CFP Distribution gave the film a limited test market release on September 22, 1995 in 27 U.S. theaters, including in Atlanta, Georgia; Orlando, Florida; Madison, Wisconsin; and Portland, Oregon. This cut of the film ran approximately 95 minutes. It was screened locally in Austin at the Dobie Theatre beginning on October 27.

===Re-release and legal disputes===
In October 1995, Columbia TriStar Pictures acquired home video distribution rights to the film at a cost of $1.3 million. As part of their acquisition, the studio also agreed to give the film a wide theatrical release, with 1,000 prints to be made and no less than $500,000 invested in marketing and advertising. In early 1996, Columbia TriStar exhibited trailers for the film advertising it as a coming attraction. The release was intended to occur in July 1996, but was postponed to January 1997.

In early 1997, after Columbia TriStar failed to meet the January 1997 release date, Charles Grigson, trustee for the rights holders of the original The Texas Chain Saw Massacre, sued producer Robert Kuhn and Henkel. In his lawsuit, Grigson alleged they had failed to follow through with the promised wide theatrical release, thus preventing the original film's rights holders from receiving the payout for their agreed percentage of revenue. In March 1997, Kuhn contacted the Columbia TriStar's lawyers, who responded that the studio still planned to release the film per the terms of their contract.

Official logo for the film under its revised title, as devised by Columbia TriStar

Columbia TriStar proceeded to change the film's title to Texas Chainsaw Massacre: The Next Generation and re-edit it, excising a total of seven minutes from the previously released version. A significant sequence in which Jenny is abused by her stepfather in the film's opening scene was eliminated in the edit, and the original title card dating the events of the film on May 22, 1994 was updated to May 22, 1996. Numerous other minor changes were made in the editing process, mainly consisting of slight trims and re-ordering of scenes. Despite Columbia TriStar's editorial involvement, it was reported by Variety in August 1997 that Texas Chainsaw Massacre: The Next Generation would be distributed again by CFP Distribution under their newly formed Avalanche Films banner. CFP released the film over Labor Day weekend in 23 theaters across 20 U.S. cities on August 29, 1997, in what Henkel referred to as a "token release." It was subsequently released in several Canadian provinces through the fall of 1997.

Following the film's second release, Grigson voluntarily dismissed his original lawsuit after Columbia TriStar sought to enforce the distribution agreement's arbitration clause. In late 1997, Grigson, now joined by Ultra Muchos and River City Films, filed an action in state court against McConaughey, as well as his management company, Creative Artists Agency (CAA). In the lawsuit, the plaintiffs alleged that McConaughey and CAA had interfered with Columbia TriStar's distribution agreement by pressuring the studio to limit its release. In a 1996 interview, McConaughey denied that he ever wished to conceal his work in the film, commenting, "I'm not embarrassed by it at all. It was fun and honest work at a time when I was trying to figure out how feature films are made and how different directors deal constructively with actors. It was back when we were working 15 hours a day for $300 a week, and I wouldn't trade for the experience."
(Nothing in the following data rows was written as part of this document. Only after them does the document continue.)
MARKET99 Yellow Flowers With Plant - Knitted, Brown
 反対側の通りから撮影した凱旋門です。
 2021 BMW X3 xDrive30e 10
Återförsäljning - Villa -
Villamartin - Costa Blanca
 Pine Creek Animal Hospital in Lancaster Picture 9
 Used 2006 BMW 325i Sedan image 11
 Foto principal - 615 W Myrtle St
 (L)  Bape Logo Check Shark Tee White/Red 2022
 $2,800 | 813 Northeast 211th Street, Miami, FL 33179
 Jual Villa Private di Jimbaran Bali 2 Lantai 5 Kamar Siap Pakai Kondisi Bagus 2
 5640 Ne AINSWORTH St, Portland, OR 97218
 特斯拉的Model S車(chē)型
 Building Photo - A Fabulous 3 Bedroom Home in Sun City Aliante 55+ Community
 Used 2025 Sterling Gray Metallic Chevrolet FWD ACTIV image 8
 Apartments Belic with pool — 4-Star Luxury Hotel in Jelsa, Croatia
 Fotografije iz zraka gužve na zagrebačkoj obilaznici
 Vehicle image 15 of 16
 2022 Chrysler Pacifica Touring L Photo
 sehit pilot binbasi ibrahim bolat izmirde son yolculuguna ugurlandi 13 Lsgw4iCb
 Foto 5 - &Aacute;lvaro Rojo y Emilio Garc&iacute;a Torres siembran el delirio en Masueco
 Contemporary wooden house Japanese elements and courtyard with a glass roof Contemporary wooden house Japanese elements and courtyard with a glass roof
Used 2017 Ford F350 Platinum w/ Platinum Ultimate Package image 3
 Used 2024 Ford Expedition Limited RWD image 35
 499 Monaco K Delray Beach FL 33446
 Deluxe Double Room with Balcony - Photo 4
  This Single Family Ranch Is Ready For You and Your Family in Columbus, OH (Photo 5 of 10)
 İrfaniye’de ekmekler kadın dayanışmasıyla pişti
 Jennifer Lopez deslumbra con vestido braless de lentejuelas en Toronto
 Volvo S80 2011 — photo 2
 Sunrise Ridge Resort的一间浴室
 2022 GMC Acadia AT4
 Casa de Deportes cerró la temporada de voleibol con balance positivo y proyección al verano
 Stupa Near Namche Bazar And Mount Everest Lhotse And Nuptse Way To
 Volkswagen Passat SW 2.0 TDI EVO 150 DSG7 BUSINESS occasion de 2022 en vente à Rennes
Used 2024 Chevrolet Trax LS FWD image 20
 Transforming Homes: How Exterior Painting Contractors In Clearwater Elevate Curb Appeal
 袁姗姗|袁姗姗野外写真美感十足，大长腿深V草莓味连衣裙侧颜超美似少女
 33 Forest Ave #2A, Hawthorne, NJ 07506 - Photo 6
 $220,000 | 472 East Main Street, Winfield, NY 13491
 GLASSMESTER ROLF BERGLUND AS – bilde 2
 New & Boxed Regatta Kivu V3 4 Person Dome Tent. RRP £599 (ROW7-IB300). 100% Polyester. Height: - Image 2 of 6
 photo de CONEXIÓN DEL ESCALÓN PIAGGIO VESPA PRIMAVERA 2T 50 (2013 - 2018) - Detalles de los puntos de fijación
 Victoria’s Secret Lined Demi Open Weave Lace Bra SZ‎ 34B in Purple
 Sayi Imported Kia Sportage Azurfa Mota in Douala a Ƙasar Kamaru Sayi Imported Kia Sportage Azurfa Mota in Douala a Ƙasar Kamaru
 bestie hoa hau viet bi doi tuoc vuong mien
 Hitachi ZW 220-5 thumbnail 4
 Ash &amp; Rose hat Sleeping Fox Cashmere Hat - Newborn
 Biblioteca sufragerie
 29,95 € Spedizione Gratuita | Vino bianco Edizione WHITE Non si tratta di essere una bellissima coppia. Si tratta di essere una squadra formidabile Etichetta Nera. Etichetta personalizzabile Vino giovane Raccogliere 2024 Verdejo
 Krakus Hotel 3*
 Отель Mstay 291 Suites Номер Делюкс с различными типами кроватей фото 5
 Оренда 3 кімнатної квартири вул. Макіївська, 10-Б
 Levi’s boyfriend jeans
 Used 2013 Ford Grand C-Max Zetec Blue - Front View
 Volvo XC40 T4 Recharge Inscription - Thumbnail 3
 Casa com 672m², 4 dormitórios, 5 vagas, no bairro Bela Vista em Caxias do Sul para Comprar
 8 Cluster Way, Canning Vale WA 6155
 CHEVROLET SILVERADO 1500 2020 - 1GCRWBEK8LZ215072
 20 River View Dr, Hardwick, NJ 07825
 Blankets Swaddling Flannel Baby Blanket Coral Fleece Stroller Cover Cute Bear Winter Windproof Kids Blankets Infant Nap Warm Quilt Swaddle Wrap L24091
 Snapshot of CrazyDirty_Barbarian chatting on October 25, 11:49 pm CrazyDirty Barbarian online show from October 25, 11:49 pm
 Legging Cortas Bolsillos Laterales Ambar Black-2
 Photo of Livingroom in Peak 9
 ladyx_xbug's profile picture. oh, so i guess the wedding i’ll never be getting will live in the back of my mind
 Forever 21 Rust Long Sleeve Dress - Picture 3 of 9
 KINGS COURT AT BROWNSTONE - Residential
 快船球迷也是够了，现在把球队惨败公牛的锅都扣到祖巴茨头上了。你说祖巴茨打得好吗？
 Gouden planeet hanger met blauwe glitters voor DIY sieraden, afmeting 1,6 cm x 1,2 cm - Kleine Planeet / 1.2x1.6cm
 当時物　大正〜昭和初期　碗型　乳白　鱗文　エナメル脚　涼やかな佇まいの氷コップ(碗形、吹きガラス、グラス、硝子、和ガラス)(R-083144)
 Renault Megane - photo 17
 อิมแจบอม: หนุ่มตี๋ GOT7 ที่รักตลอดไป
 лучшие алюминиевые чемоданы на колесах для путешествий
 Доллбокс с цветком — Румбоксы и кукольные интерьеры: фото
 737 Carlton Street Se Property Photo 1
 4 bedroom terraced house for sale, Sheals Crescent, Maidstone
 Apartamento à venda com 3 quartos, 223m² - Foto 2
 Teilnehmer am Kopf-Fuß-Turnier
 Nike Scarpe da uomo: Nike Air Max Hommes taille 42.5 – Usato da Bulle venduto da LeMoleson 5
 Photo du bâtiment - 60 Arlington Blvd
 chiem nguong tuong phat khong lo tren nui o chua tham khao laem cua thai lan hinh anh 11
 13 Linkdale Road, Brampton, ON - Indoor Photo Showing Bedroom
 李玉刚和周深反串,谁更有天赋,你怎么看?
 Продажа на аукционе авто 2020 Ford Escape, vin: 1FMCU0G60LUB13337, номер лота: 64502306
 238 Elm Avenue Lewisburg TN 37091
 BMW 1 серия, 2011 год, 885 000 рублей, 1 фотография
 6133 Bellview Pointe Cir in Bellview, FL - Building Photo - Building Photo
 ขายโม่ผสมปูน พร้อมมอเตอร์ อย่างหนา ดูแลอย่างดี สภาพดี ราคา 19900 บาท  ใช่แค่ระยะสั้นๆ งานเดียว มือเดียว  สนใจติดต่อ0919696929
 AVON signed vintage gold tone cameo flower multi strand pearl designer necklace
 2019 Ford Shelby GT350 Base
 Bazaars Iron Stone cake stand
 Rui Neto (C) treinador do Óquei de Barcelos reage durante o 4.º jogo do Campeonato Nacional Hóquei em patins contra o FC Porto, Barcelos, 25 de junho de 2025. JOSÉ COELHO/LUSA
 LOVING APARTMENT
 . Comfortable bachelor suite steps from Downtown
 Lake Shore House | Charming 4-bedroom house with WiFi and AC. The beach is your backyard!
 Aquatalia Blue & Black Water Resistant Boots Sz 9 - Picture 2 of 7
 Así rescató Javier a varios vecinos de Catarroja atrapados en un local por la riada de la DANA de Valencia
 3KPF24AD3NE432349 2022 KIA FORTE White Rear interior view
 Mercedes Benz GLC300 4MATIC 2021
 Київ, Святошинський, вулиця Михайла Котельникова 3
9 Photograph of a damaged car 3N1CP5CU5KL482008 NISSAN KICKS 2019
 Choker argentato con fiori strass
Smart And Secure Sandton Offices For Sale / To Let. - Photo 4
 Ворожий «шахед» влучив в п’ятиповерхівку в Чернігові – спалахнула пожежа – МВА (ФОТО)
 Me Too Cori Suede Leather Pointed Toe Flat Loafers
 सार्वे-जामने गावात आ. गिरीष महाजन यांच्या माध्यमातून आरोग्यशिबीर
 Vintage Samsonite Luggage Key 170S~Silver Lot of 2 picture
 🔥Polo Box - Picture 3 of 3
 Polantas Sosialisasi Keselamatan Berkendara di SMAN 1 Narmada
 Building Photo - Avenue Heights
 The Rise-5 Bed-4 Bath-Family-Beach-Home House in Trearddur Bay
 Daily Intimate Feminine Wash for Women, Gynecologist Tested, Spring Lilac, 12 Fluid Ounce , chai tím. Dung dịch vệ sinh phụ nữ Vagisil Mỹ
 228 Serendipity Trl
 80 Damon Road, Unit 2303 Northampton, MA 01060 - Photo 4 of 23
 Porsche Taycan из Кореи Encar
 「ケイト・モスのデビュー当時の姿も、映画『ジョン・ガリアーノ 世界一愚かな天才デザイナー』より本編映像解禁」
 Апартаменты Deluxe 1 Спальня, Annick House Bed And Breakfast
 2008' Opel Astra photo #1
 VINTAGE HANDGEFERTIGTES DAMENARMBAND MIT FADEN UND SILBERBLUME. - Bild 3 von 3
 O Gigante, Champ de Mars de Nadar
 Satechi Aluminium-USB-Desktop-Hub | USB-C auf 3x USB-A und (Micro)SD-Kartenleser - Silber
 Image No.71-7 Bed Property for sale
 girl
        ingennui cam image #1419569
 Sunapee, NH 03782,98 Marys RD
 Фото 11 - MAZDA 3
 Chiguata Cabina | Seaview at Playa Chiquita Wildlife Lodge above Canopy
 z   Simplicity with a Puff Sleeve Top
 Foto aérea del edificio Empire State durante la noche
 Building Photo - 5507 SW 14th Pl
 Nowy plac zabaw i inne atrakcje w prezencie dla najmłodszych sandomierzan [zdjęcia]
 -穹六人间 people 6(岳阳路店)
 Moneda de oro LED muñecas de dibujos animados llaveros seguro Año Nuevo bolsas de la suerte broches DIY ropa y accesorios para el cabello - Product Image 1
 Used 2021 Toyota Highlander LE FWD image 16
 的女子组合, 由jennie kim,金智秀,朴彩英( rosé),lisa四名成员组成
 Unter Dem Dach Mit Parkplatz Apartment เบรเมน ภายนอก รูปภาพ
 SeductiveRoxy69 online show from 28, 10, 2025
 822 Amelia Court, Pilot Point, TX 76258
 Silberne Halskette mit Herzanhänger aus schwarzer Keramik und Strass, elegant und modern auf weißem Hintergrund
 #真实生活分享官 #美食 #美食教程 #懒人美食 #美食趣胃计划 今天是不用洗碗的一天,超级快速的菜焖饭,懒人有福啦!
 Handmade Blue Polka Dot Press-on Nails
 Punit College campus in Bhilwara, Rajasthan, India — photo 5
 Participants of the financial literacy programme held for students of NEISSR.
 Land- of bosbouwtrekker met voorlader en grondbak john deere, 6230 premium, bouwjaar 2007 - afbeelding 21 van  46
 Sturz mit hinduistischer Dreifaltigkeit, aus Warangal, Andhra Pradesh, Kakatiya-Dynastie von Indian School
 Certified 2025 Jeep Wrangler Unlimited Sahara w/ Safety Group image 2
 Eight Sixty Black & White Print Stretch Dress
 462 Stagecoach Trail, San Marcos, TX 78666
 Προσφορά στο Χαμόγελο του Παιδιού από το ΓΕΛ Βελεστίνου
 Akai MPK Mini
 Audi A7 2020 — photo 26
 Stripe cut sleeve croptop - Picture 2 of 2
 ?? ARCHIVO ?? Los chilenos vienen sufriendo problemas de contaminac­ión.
Kuhn further stated that he felt Columbia TriStar had deliberately delayed the film's wide release to await the premiere of Zellweger's new film, Jerry Maguire (1996). Zellweger responded to Kuhn's statements in May 1997, stating that it "hurt [her] feelings" and added: "I don't have the power to do something like that, even if I wanted to... I kind of liked the movie. It was a great experience."

===Home media===
In late 1995, The Return of the Texas Chainsaw Massacre had its first home media release on LaserDisc in Japan. Producer Kuhn subsequently had approximately 10,000 VHS tapes produced for North American video store rentals and sales, but the release of these was aborted following Columbia TriStar's acquisition of the film and subsequent re-edit and title change.

Columbia Tristar Home Video released the film on VHS in the United States on February 24, 1998, before reissuing it in September 1998 for the Halloween season. A DVD release from Columbia TriStar followed on July 13, 1999. The Columbia Tristar DVD was reissued with new cover artwork in 2003. In 2001, Lionsgate, who purchased CFP Distribution shortly after the film's 1997 theatrical run, released the film on DVD in Canada; the Canadian release featured a 94-minute cut of the film.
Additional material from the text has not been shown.